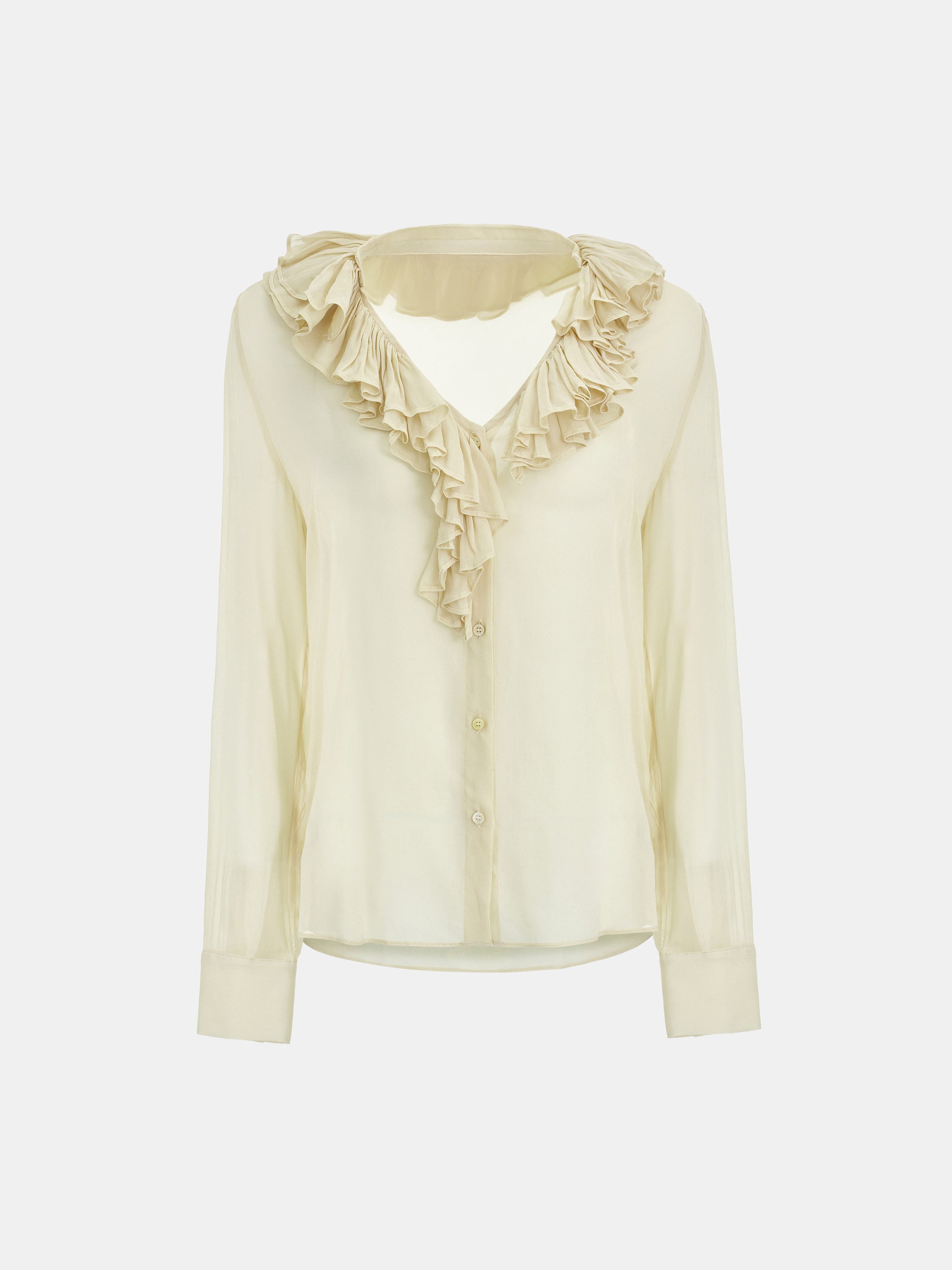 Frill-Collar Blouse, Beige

--

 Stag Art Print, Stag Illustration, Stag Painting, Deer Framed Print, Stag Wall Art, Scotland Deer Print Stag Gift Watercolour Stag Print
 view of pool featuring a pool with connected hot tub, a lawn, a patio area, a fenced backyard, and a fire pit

:: REQUIRED WORK ::
In the listing above, transcribe exactly everything from the line containing "Stag Art Print, Stag" down to the line containing "view of pool", including both and nothing more.

:: SOLUTION ::
 Stag Art Print, Stag Illustration, Stag Painting, Deer Framed Print, Stag Wall Art, Scotland Deer Print Stag Gift Watercolour Stag Print
 view of pool featuring a pool with connected hot tub, a lawn, a patio area, a fenced backyard, and a fire pit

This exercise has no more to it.